ASSIGNMENT: Beginning at the line with "this 1270×952 image.", please repeat each line exactly through the end of the records below, including that first line and the last, but no pictures.

------------------------------------------------

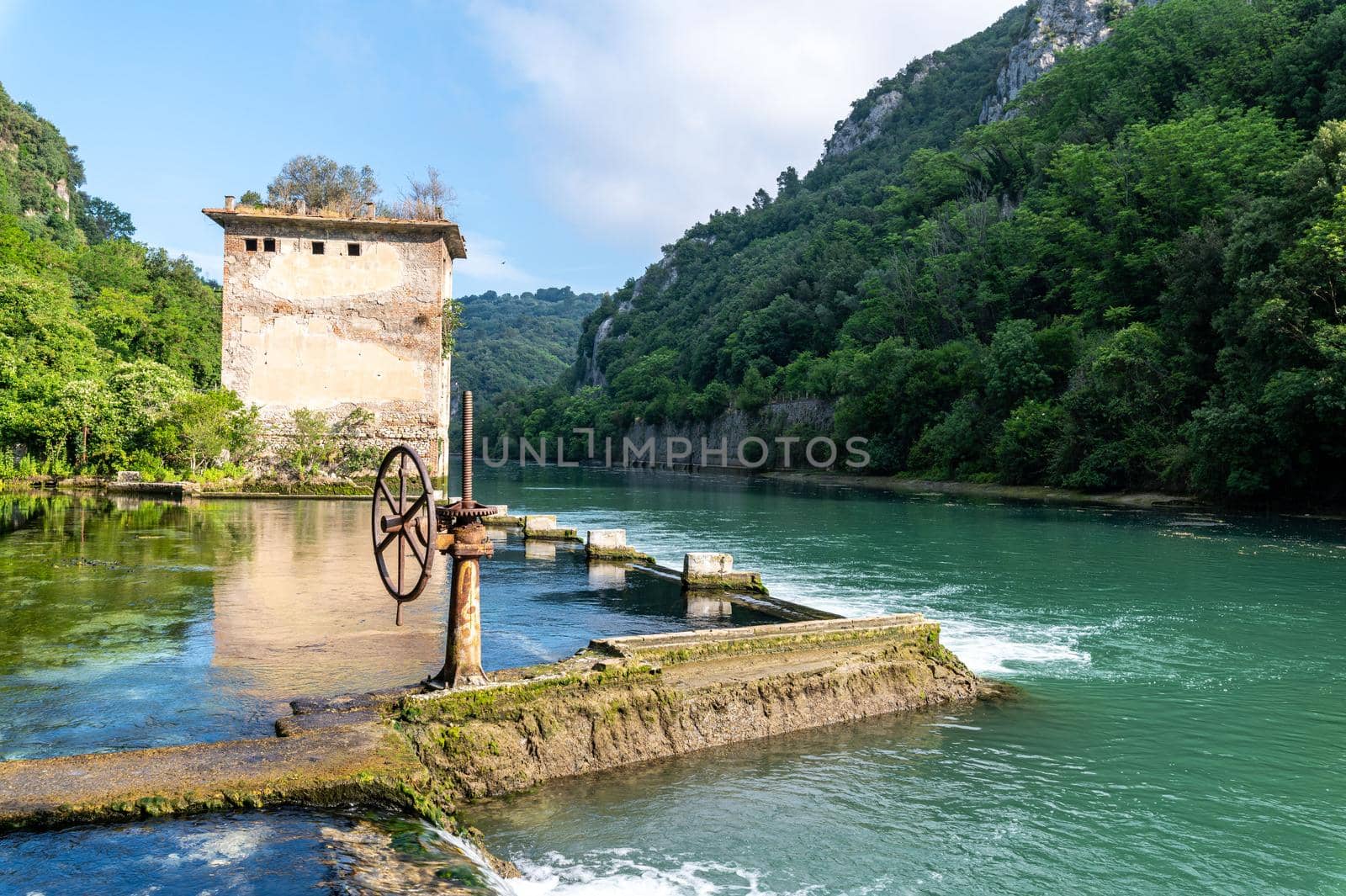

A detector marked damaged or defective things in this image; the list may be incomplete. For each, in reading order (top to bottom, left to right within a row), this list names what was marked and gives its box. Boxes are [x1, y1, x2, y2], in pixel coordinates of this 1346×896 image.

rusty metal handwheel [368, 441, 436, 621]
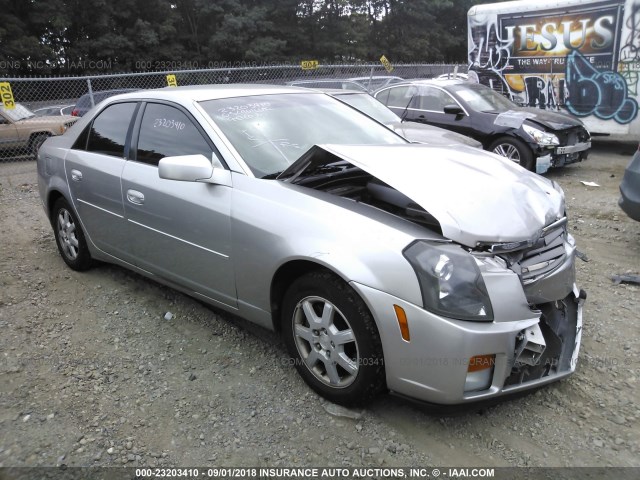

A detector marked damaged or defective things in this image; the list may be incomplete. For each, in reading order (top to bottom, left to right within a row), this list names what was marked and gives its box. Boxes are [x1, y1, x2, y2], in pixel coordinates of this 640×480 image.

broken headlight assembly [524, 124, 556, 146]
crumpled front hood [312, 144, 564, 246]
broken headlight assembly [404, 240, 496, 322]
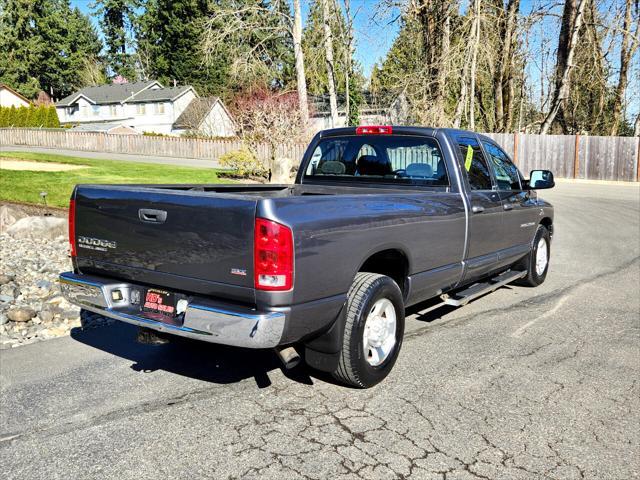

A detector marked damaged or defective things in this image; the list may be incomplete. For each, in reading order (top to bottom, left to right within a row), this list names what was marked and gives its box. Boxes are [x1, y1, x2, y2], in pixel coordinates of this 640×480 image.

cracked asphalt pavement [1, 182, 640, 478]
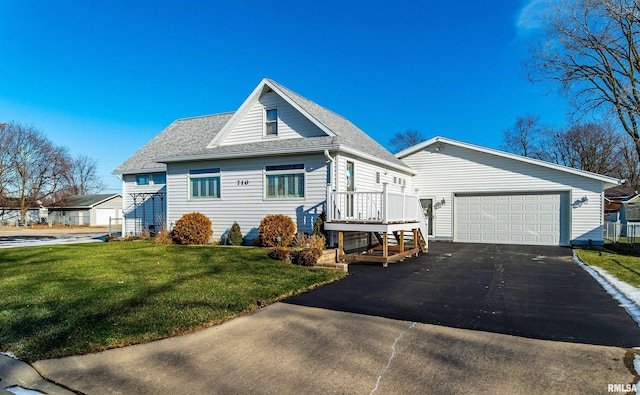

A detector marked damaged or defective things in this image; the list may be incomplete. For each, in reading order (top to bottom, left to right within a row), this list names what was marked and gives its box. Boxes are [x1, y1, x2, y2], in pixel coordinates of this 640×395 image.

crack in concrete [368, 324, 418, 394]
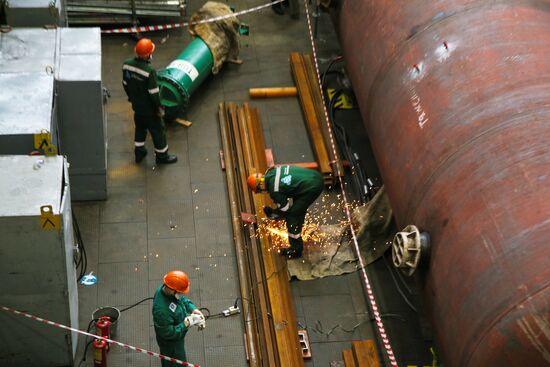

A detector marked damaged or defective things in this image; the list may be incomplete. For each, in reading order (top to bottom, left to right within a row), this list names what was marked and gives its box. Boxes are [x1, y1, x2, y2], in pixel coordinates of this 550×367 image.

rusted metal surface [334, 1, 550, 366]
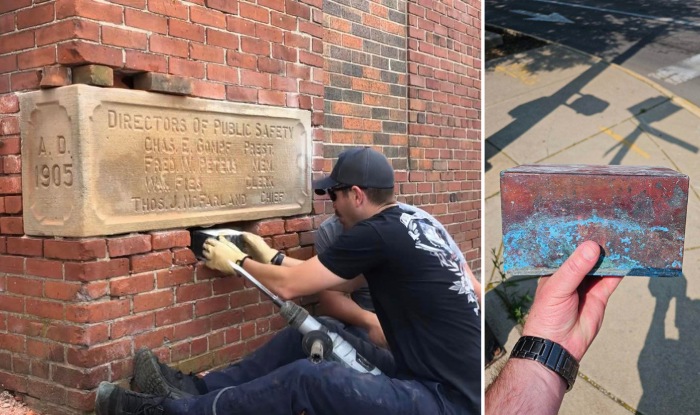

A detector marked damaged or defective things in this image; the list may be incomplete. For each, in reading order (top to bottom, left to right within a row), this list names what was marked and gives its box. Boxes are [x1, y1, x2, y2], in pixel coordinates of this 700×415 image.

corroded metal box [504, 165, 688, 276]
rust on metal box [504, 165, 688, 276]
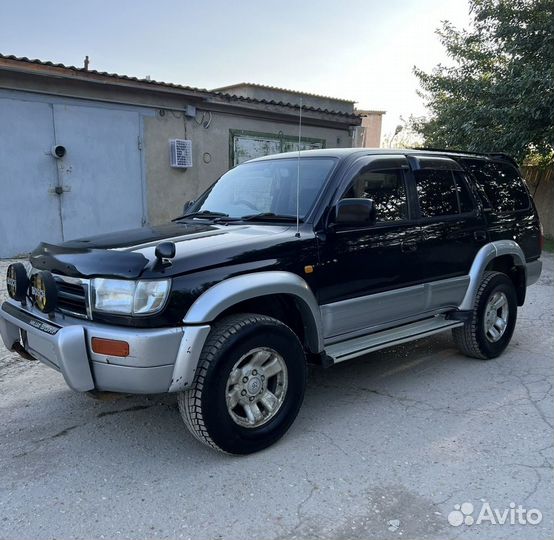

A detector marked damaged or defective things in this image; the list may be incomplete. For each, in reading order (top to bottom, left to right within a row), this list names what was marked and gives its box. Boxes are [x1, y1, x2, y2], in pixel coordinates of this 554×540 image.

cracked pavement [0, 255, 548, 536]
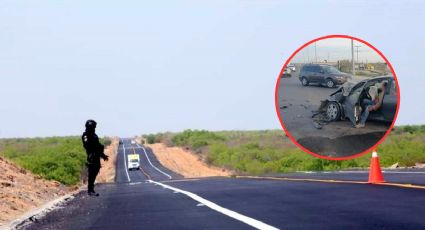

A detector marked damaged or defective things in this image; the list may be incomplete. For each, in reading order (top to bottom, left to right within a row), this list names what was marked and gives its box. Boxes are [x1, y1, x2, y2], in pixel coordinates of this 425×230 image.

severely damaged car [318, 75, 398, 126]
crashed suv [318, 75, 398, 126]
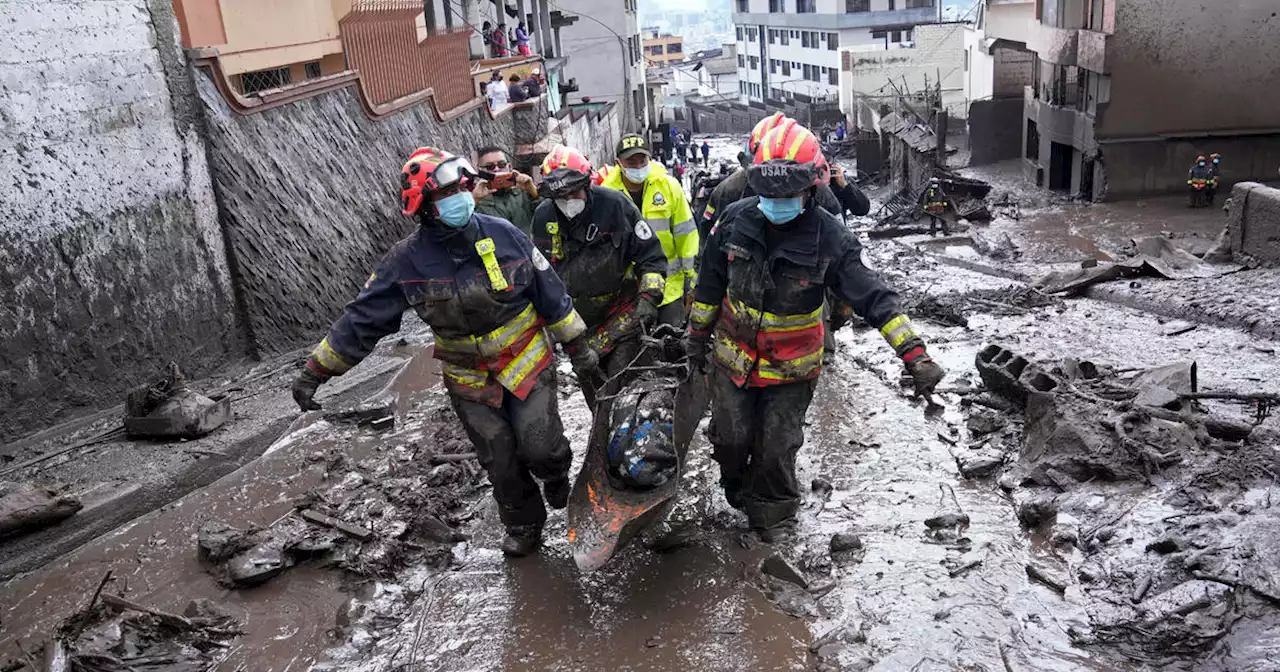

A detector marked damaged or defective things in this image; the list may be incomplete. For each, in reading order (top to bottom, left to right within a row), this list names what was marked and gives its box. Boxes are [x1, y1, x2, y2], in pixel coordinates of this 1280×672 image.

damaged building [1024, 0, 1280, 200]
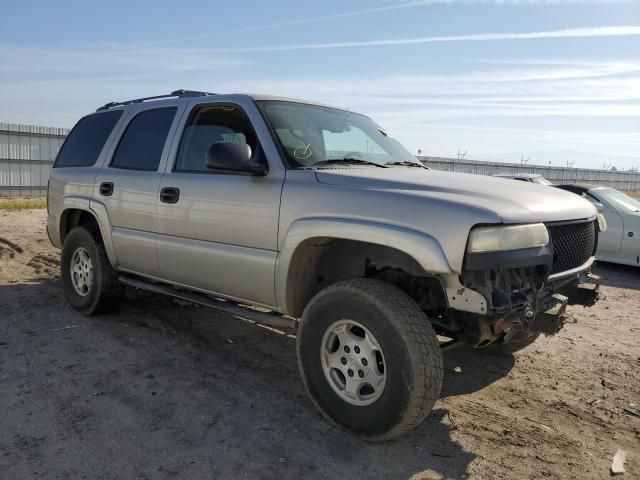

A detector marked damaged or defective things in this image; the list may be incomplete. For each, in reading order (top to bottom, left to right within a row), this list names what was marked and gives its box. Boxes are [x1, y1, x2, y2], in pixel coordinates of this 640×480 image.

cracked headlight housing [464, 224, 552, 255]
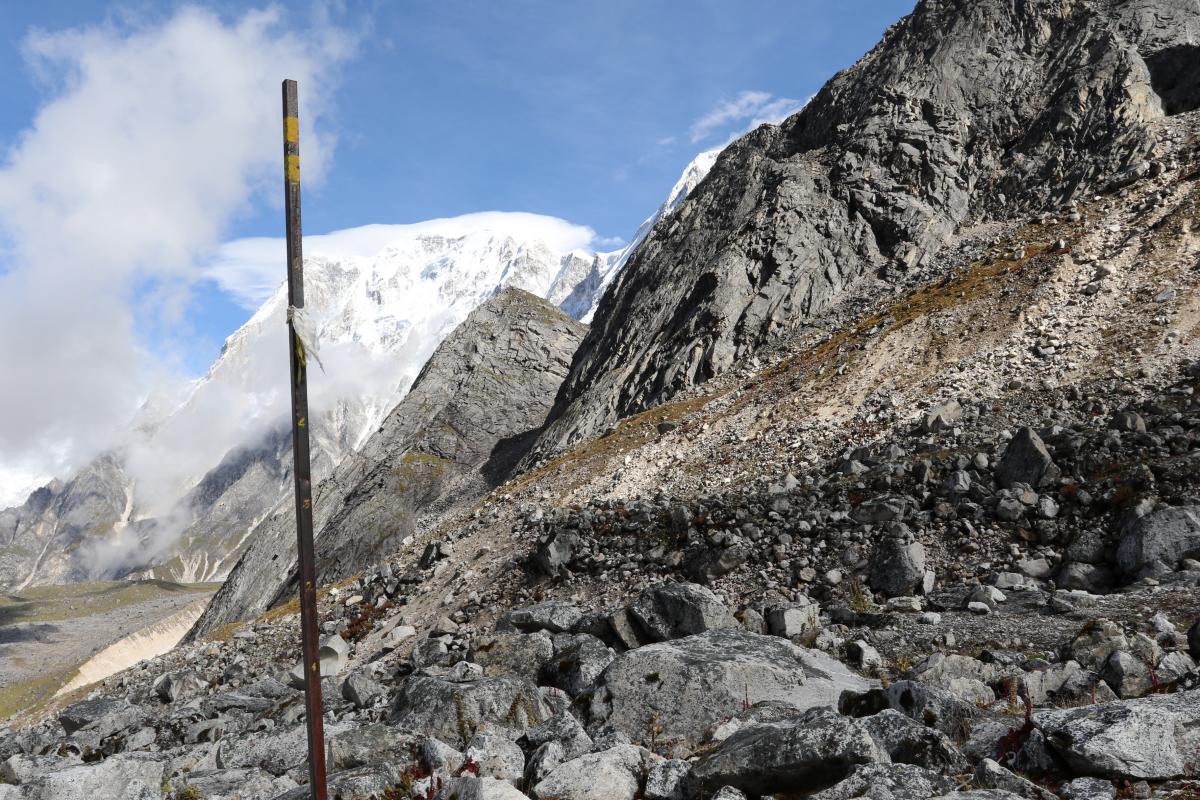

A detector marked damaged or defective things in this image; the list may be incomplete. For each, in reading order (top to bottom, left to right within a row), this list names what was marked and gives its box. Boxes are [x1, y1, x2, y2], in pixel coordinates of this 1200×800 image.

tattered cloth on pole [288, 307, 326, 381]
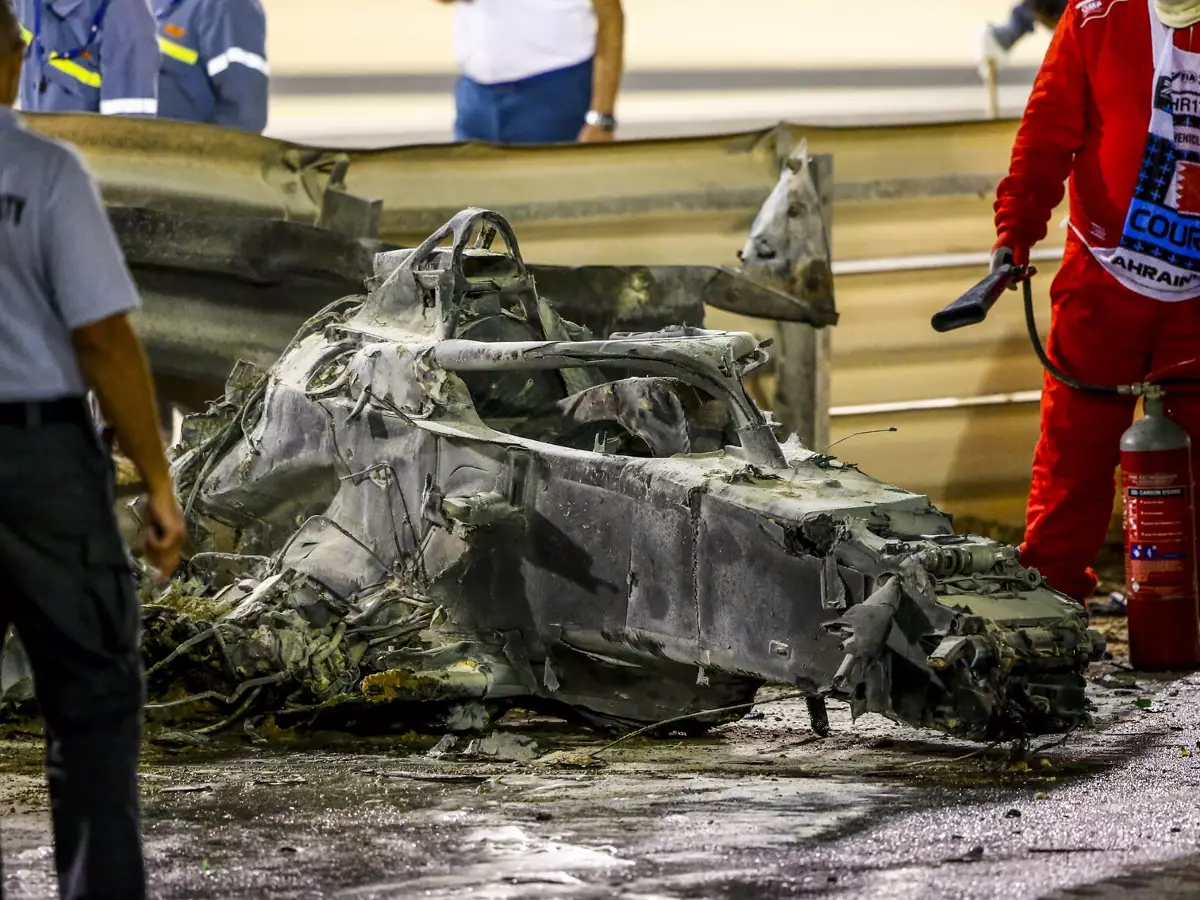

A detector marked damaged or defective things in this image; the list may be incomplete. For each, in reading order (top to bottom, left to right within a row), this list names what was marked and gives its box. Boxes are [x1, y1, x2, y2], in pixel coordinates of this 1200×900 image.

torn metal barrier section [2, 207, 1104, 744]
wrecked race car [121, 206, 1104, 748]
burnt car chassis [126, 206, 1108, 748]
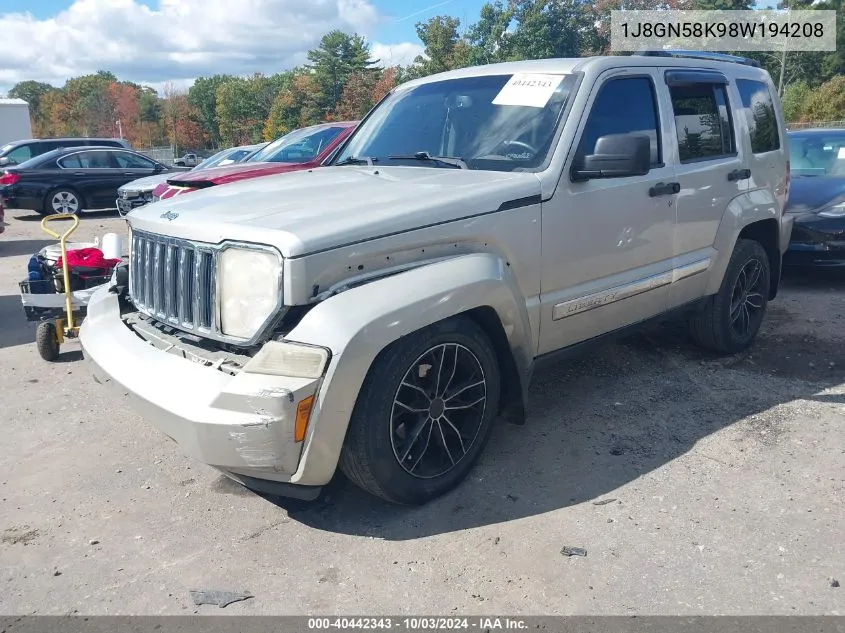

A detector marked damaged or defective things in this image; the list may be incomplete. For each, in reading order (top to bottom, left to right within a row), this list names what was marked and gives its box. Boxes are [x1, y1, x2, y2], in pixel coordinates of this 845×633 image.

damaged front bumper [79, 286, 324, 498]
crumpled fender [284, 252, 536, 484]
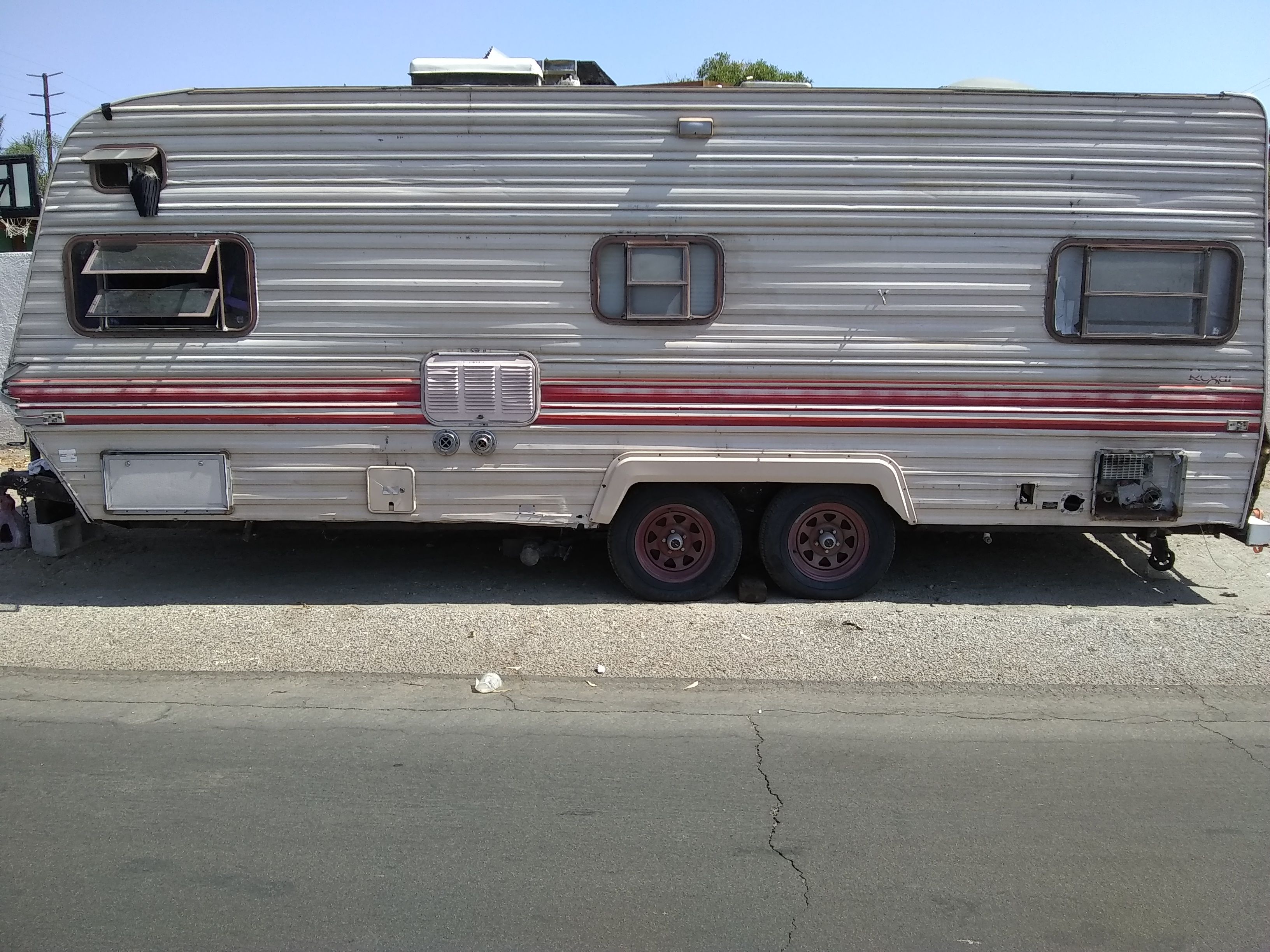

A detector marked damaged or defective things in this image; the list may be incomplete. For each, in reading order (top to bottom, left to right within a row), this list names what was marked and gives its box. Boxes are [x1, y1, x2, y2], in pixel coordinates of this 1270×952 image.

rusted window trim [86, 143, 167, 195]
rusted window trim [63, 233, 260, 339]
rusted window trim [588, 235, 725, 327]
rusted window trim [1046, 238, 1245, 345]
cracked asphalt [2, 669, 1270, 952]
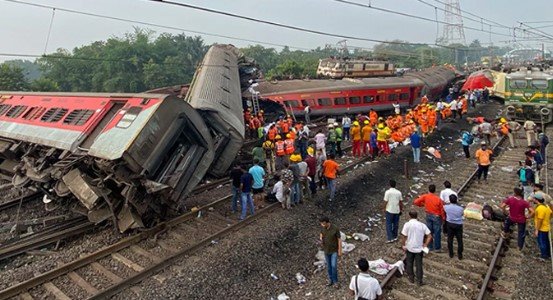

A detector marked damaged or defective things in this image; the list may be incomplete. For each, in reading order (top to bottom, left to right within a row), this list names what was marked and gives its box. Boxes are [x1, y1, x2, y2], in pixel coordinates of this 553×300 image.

------------------------------------------------

WRITTEN ANSWER:
A detector marked damaged or defective things in this image; the list may be incomplete. For each, in reading order (top to bottom, left to right within a row), this list names what was marked and gives its box. Boxes are [x1, y1, x2, y2], in pixel coordinates of this 1270×952 image.

rusted window trim [86, 143, 167, 195]
rusted window trim [63, 233, 260, 339]
rusted window trim [588, 235, 725, 327]
rusted window trim [1046, 238, 1245, 345]
cracked asphalt [2, 669, 1270, 952]

A detector marked damaged or defective things in this image; the list may be incomplete. For each, in reading order (top to bottom, left to right within a row), this list names what was marked and gives its box. Boxes are [x1, y1, x2, y2], in pixel coordinates of this 553×300 image.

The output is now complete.